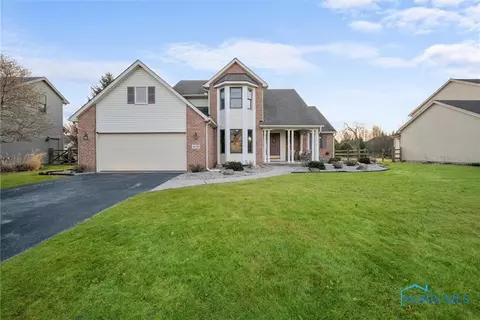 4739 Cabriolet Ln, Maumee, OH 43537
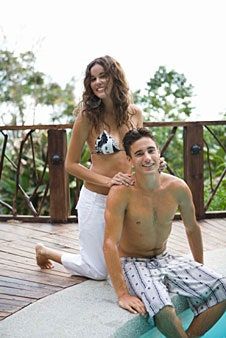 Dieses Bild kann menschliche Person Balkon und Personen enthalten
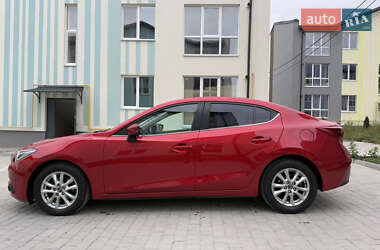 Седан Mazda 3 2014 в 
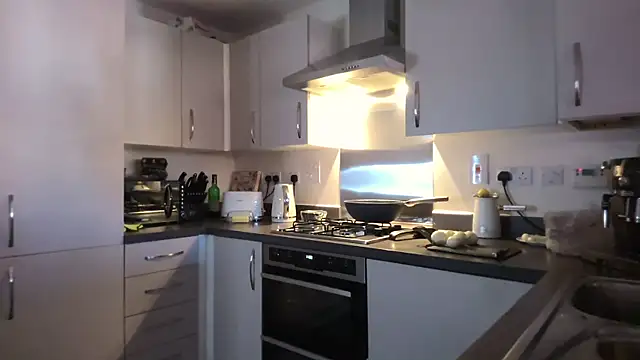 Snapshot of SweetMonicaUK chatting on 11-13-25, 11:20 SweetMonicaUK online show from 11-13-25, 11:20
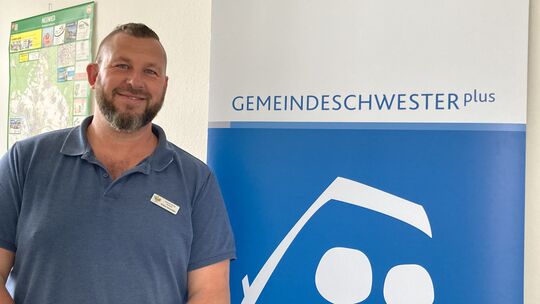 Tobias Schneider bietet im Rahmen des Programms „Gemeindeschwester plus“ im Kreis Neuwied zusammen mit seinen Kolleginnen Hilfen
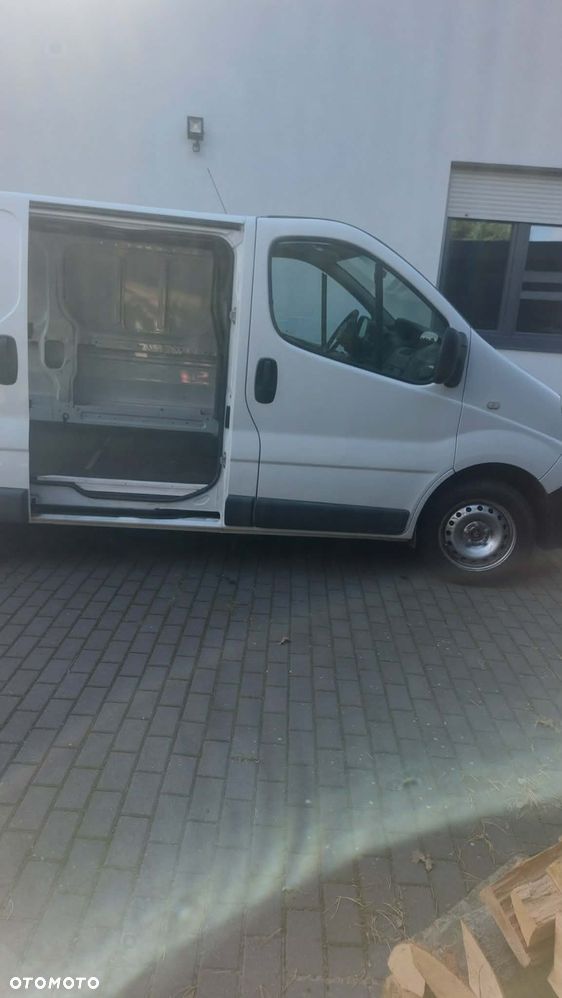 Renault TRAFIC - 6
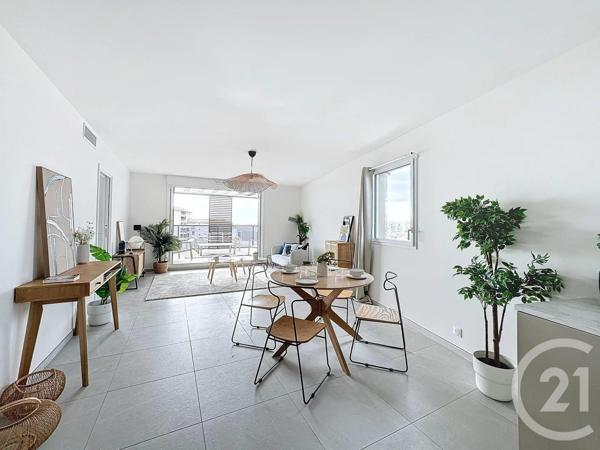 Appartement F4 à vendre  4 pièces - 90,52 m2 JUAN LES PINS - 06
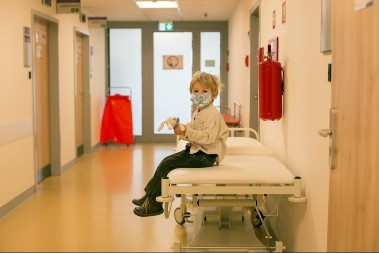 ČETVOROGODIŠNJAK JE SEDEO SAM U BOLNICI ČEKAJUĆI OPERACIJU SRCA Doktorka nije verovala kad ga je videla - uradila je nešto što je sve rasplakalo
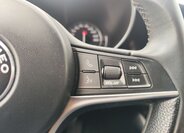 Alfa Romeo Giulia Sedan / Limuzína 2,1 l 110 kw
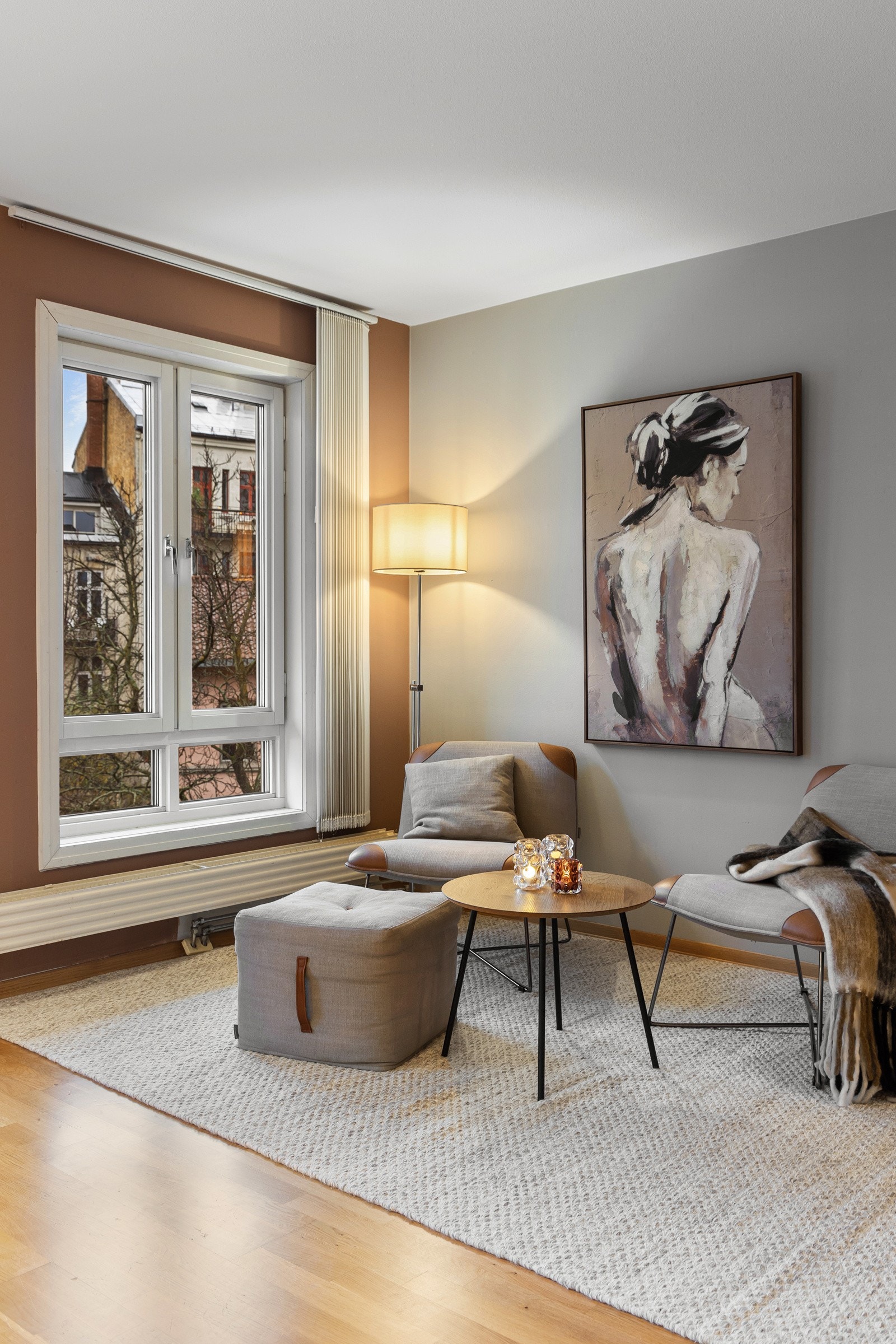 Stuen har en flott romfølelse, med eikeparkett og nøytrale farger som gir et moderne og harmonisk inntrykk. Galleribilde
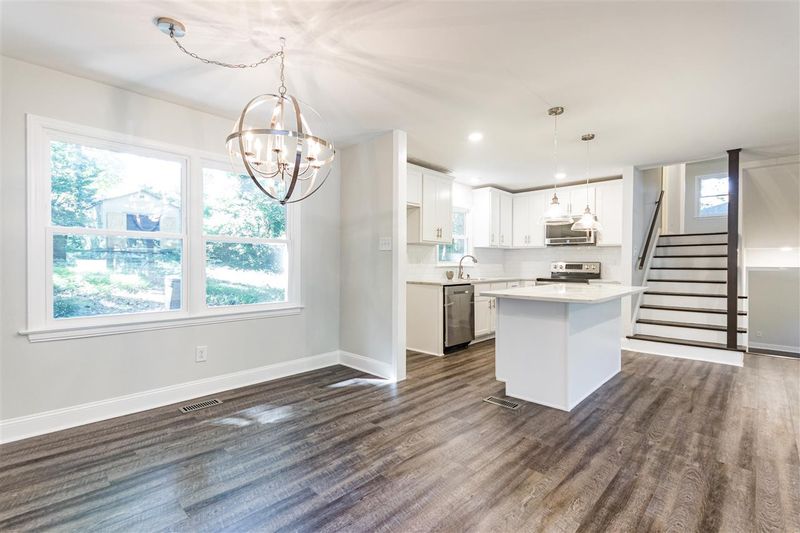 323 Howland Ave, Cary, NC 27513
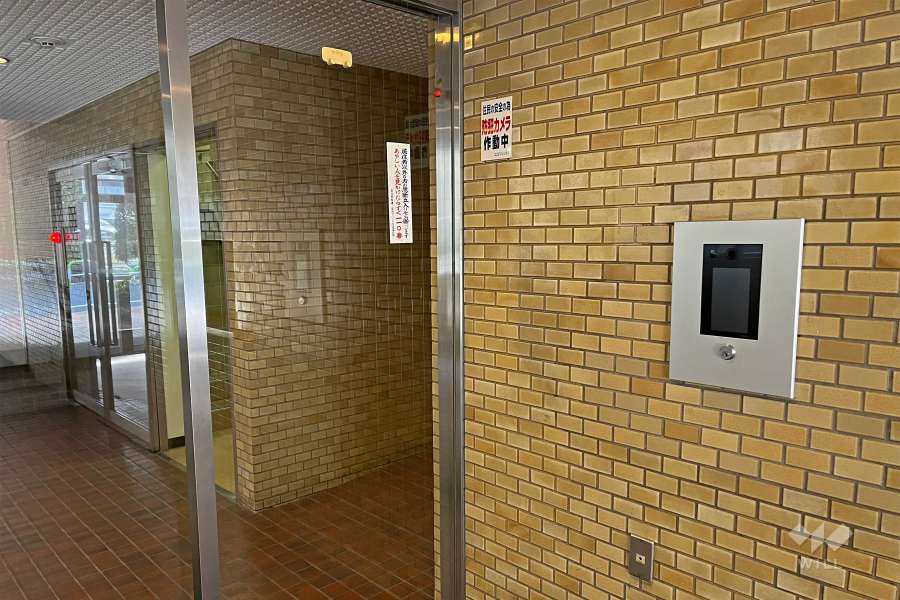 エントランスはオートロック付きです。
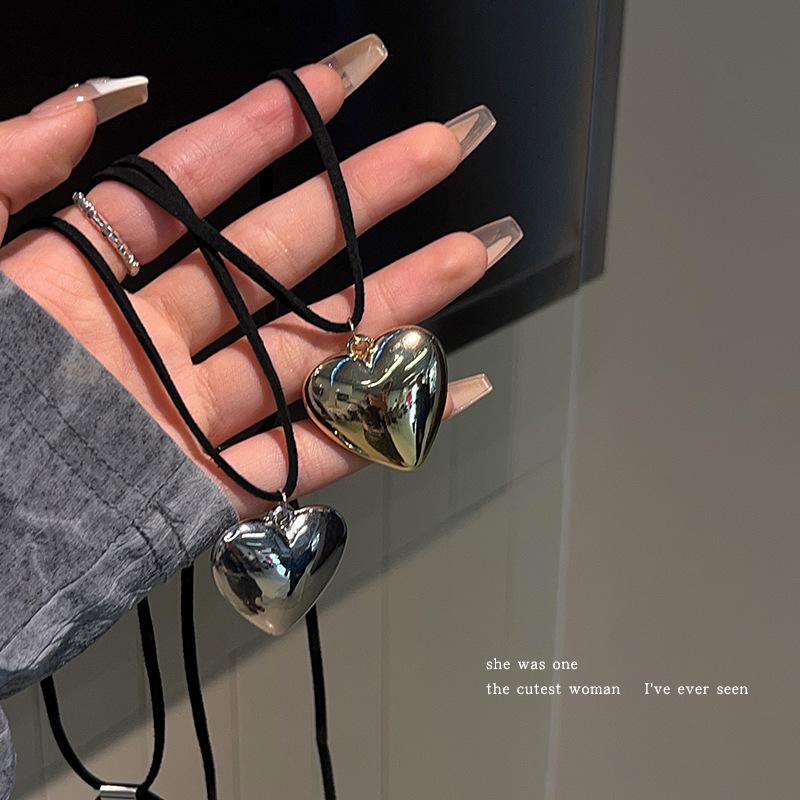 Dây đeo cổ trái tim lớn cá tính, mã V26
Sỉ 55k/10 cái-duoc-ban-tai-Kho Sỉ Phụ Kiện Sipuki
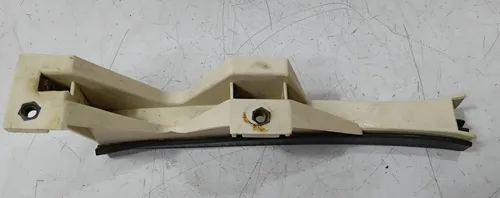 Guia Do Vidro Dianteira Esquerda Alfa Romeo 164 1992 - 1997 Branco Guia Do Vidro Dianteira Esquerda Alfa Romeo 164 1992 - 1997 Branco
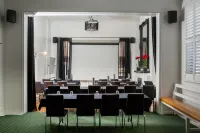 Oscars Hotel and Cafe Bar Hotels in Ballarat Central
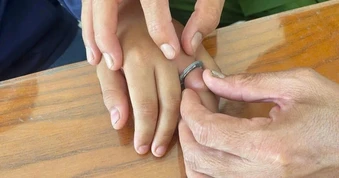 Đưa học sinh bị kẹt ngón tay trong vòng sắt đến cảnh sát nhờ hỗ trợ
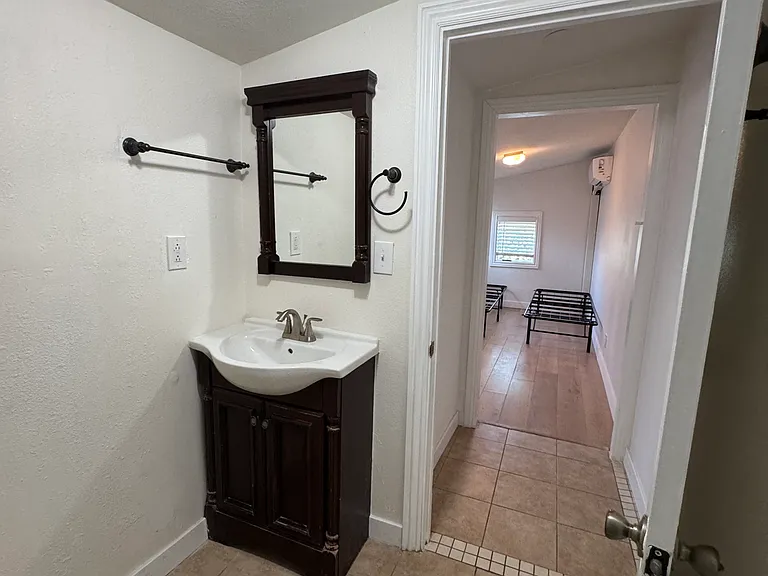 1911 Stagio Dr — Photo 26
====
For this exercise, write out exactly the lines from the one with "1997 Branco Guia" through the last line of the records, inclusive, and leave each picture out.

• Exercise result:
 Guia Do Vidro Dianteira Esquerda Alfa Romeo 164 1992 - 1997 Branco Guia Do Vidro Dianteira Esquerda Alfa Romeo 164 1992 - 1997 Branco
 Oscars Hotel and Cafe Bar Hotels in Ballarat Central
 Đưa học sinh bị kẹt ngón tay trong vòng sắt đến cảnh sát nhờ hỗ trợ
 1911 Stagio Dr — Photo 26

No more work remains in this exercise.